Opportunities to reflect critically on this question are always present, offering us pathways to engage in our world. In the words of Roshi Bernie Glassman, the powerful space of the unanswered question provides fertile terrain for deep listening and appropriate social action.
Last week, there was much public debate on the duty to protect life versus the respect of laws and frontiers. On 29 June, Captain Carola Rackete forcibly landed Sea Watch 3 at Lampedusa, Italy. Her boat, sailing under a German flag, was carrying 42 people who had been rescued off the coast of Libya earlier in the month. When the survival conditions on board had become critical, Rackete forced the boat’s landing in contravention of an Italian naval blockade. She was arrested, but then released several days later when a judge affirmed her duty to protect life.
On the same day as Rackete’s release, double air strikes on the Tajoura Detention Centre in Libya killed more than 60 people and injured scores of others, just one more massacre among so many in the ongoing contest for control of Tripoli’s criminal-militia nexus. Among the civilians detained in Tajoura were migrants arrested by Libyan forces—part of an EU-crafted policy response to manage human smuggling across the central Mediterranean and to prevent the hundreds of thousands of people who are (in this precise moment) trying to make their way to Europe.

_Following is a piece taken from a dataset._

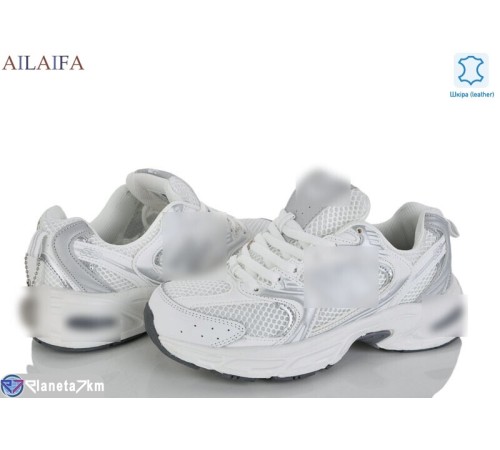 Кросівки жіночі на весну/осінь (8 пар р.36-41) білий  "Latifa"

That human smuggling will remain a booming business should surprise no one in our interconnected global political economy of suffering. Tragically, frustratingly, both contemporary EU policies and great acts of individual courage shriek their futility when considered in light of the many millions of people expected to migrate in the next two decades due to conflict, climate change and hunger. From the Mediterranean to the Rio Grande to the endless frontiers separating the penury from the plenty of our world, today’s migration patterns are simply the nexus between inequality on a global scale and the inextinguishable desire for human dignity.